Proof of Rubin’s theorem. Let \( {{(E^\alpha_n)}_{n\geq0}} \) and \( {{(E^\beta_n)}_{n\geq0}} \) be two independent sequences of independent random variables with, for any \( {n\geq0} \),
\[ \mathbb{E}(E^\alpha_n)=\frac{1}{S_\alpha(n)} \quad\text{and}\quad \mathbb{E}(E^\beta_n)=\frac{1}{S_\beta(n)} \]
Now let us define the random sets
\[ \mathcal{A}=\left\{\sum_{k=0}^n E^\alpha_k:n\geq0\right\} \quad\text{and}\quad \mathcal{B}=\left\{\sum_{k=0}^n E^\beta_k:n\geq0\right\} \quad\text{and}\quad \mathcal{G}=\mathcal{A}\cup\mathcal{B}. \]

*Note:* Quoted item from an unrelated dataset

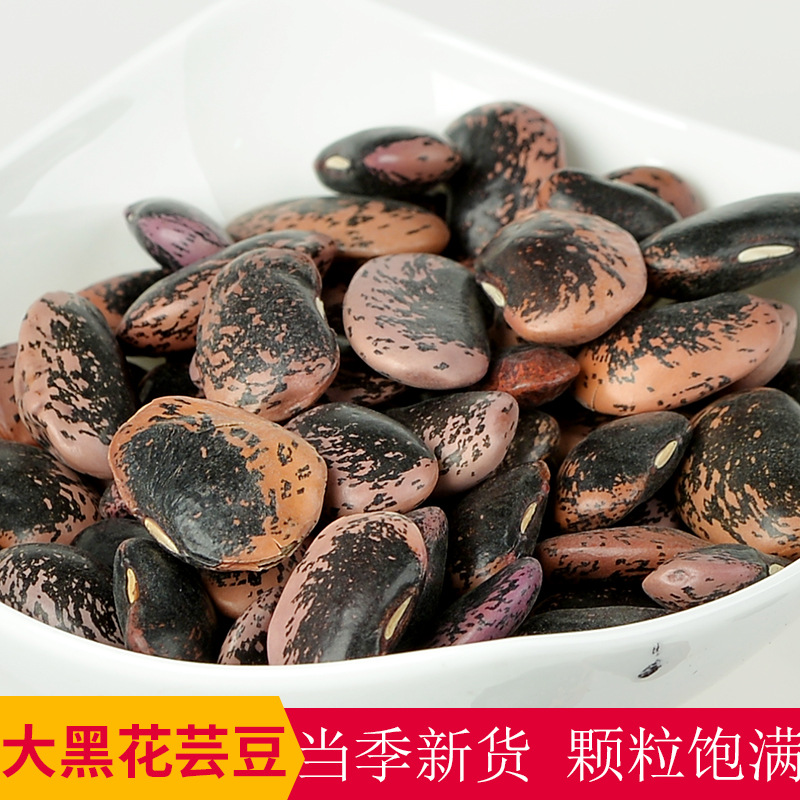 大黑花芸豆批发云南黑腰豆五谷杂粮25kg豆类粗粮牛眼豆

Let \( {\xi_0<\xi_1<\cdots} \) be the reordering of the elements of \( {\mathcal{G}} \). We consider the random sequence \( {{(X_n’)}_{n\geq1}} \) taking values in \( {\{\alpha,\beta\}} \) defined by \( {X_n’=\alpha} \) if \( {\xi_{n-1}\in\mathcal{A}} \) and \( {X_n’=\beta} \) if \( {\xi_{n-1}\in\mathcal{B}} \). The sequences \( {{(X_n’)}_{n\geq1}} \) and \( {{(X_n)}_{n\geq1}} \) have same distribution, and this follows from the properties of exponential distributions (including the lack of memory). Namely, let us examine the equality in distribution of \( {X_1} \) and \( {X’_1} \). If \( {U} \) and \( {V} \) are two independent exponential random variables with respective means \( {1/u} \) and \( {1/v} \) then \( {\mathbb{P}(U<V)=u/(u+v)} \) and \( {\mathbb{P}(V<U)=v/(u+v)} \), which gives
\[ \mathbb{P}(X_1’=\alpha) =\mathbb{P}(\xi_0\in\mathcal{A}) =\mathbb{P}(E^\alpha_0\leq E^\beta_0) =\frac{S_\alpha(0)}{S_\alpha(0)+S_\beta(0)} =\mathbb{P}(X_1=\alpha). \]
The same idea gives (tedious!) the equality in distribution of \( {{(X_n)}_{n\geq1}} \) and \( {{(X_n’)}_{n\geq1}} \). Next, by the zero-one law for the sum of independent exponential random variables,
\[ p:=\mathbb{P}\left(\sum_{n=0}^\infty E^\alpha_n<\infty\right)\in\{0,1\}, \]
with \( {p=1} \) if and only if \( {\varphi_\alpha<\infty} \). The same property holds for the sequence \( {{(E^\beta_n)}_{n\geq0}} \) with \( {\varphi_\beta} \). On the other hand we have the formulas
\[ p_\beta =\mathbb{P}\left(\sum_{n=0}^\infty E^\alpha_n<\sum_{n=0}^\infty E^\beta_n\right) \quad\text{and}\quad p_\alpha =\mathbb{P}\left(\sum_{n=0}^\infty E^\beta_n<\sum_{n=0}^\infty E^\alpha_n\right). \]
Notes and further reading. The content of this post is extracted and translated from a book written with Florent Malrieu in French. Pólya urns are named after the Hungarian mathematician George Pólya. We refer to the books by Hosam Mahmoud, by Norman Johnson and Samuel Kotz, and to the survey articles by Samuel Kotz and Narayanaswamy Balakrishnan, and by Robin Pemantle. Rubin’s theorem can be found in the appendix of a paper by Burgess Davis (suggested to us by Amine Asselah). Pólya urns are fundamental models of reinforcement. They play an important role in learning theory. They are also connected to a class of stochastic algorithms such as the stochastic approximation algorithm of Robbins-Monro, linked with the theory of dynamical systems and attractors. The concept of martingale is a central tool in the stochastic approach of game theory and strategies.